Hi there,
I'm trying to do some 'scraping' I guess it's called.
First thing I want to do is to get the title of a web page.
Should be simple. I guess I'm having problems figuring out DOMDocument or something, but I've been stuck here for 5 hours..
So check this code. You can see I'm getting the phpbuilder home page, and can extract all the links from it and all the images, but I can't figure out how to just get the darned title. Down at the end you can see I've done it borrowing some regex stuff, but really it seems like I should have it already somehow...

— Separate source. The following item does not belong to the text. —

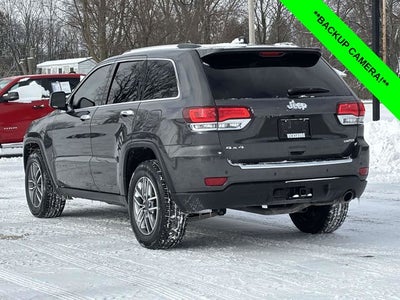 2021 Jeep Grand Cherokee Limited 4x4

$ch = curl_init('http://phpbuilder.com');
curl_setopt($ch, CURLOPT_RETURNTRANSFER, true);
$curl_scraped_page = curl_exec($ch);
curl_close($ch);
//echo $curl_scraped_page;
$ss = substr($webpage,25,25);
$ch = curl_init();
curl_setopt($ch, CURLOPT_URL, $burl);
curl_setopt($ch, CURLOPT_RETURNTRANSFER,1);
$str = curl_exec($ch);
curl_close($ch);
$doc = new DOMDocument();
$doc->loadHTML($str);
$hrefs = $doc->getElementsByTagName('a');
$srcs = $doc->getElementsByTagName('img');
$titles = $doc->getElementsByTagName('title');
echo 'Amount of Links found:'.count($hrefs).'<br/>';
echo 'Amount of Sources found:'.count($srcs).'<br/>';
foreach($hrefs as $href)$matches_href[]= $href->getAttribute('href');
foreach($srcs as $src) $matches_src[] = $src->getAttribute('src');
//foreach($titles as $title) $matches_title[] = $title->??? ; //how can I just get the content of the title tag?
echo nl2br(var_export($matches_href,true)).'<br/>';
echo nl2br(var_export($matches_src,true)).'<br/>';
$str = stristr($str, '<title>');
$rest = substr($str, 7);
$extra = stristr($str, '</title>');
$titlelen = strlen($rest) - strlen($extra);
$gettitle = trim(substr($rest, 0, $titlelen));
echo "<br>Coming from: " . $gettitle . "<p>";
So any help appreciated. I'm definitely in the early stages of picking up php. Should I be using some sax parser or other html parser? Is this a reasonable approach? I guess I'll also want to grab things like the link text along with the href and I may need to sift thru some of the text on the page as well. I'm just using phpbuilder.com for this example. Where should I have gone to find the answer to this question on my own?
Thanks,
Bagus